### Try it
The result should be an exact copy of only the lines from the one holding "Half length of" through the last line of the data below, please, without pictures.

### Data for this task
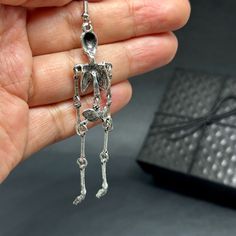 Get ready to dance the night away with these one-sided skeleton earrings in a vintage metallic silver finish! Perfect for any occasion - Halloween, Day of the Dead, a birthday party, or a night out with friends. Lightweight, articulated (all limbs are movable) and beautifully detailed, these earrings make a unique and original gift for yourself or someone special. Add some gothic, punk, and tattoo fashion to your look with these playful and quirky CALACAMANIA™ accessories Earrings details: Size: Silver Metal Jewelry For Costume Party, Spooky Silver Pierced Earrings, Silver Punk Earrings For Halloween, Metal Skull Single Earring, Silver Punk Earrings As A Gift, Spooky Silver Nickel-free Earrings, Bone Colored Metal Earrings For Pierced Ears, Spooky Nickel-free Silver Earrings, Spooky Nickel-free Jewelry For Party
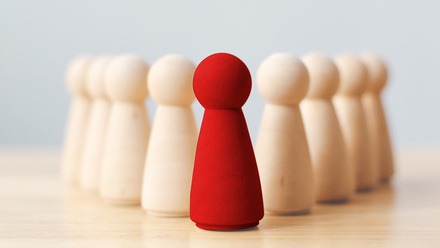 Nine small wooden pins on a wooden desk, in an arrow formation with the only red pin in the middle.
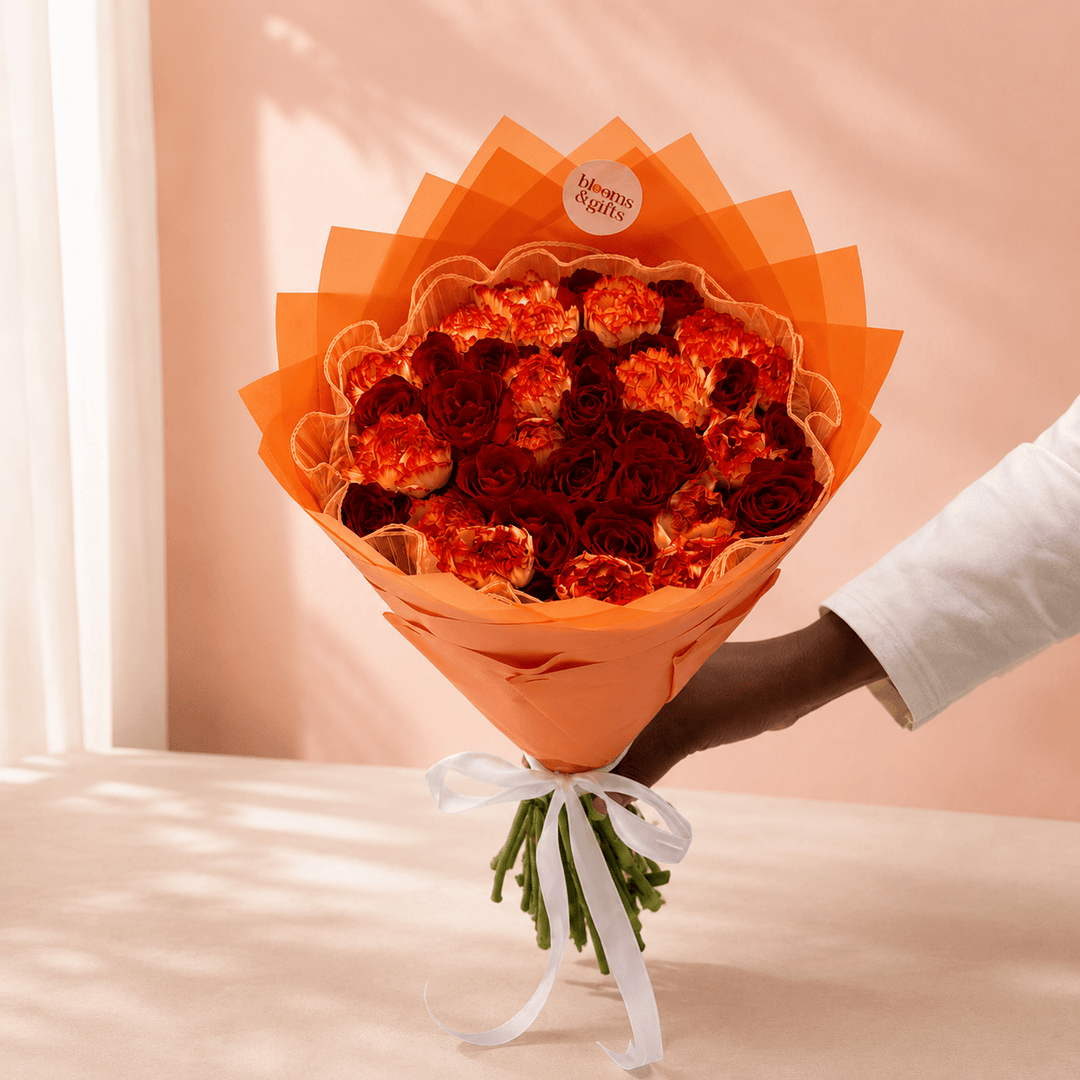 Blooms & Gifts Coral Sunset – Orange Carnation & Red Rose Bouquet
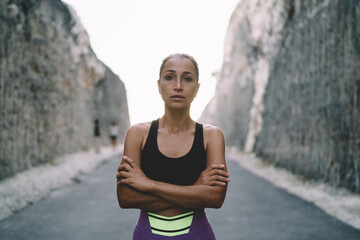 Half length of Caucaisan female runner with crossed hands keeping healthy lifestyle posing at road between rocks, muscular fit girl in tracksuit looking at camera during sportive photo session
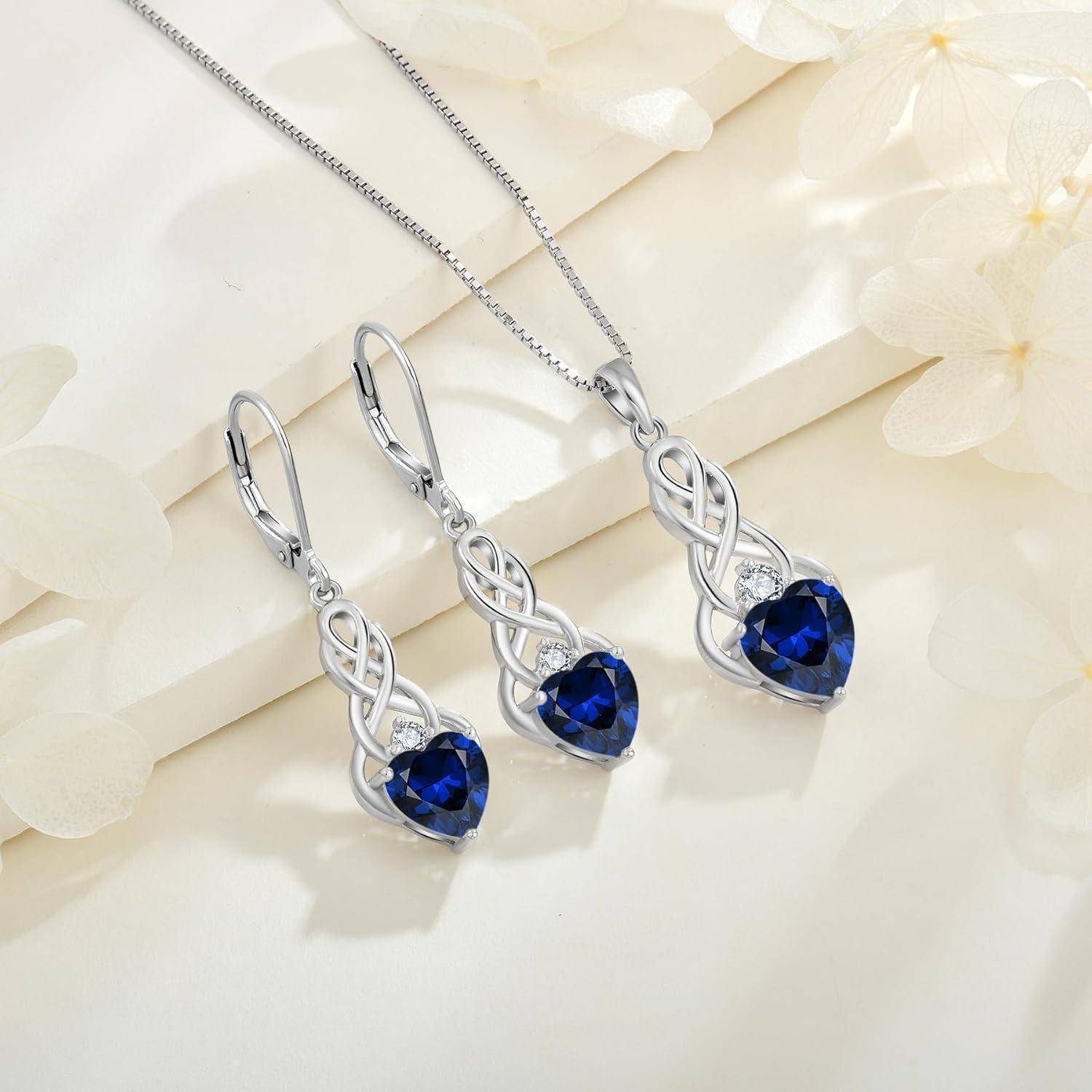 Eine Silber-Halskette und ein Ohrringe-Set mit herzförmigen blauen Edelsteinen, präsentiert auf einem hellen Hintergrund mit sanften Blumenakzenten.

### Finished task
 Half length of Caucaisan female runner with crossed hands keeping healthy lifestyle posing at road between rocks, muscular fit girl in tracksuit looking at camera during sportive photo session
 Eine Silber-Halskette und ein Ohrringe-Set mit herzförmigen blauen Edelsteinen, präsentiert auf einem hellen Hintergrund mit sanften Blumenakzenten.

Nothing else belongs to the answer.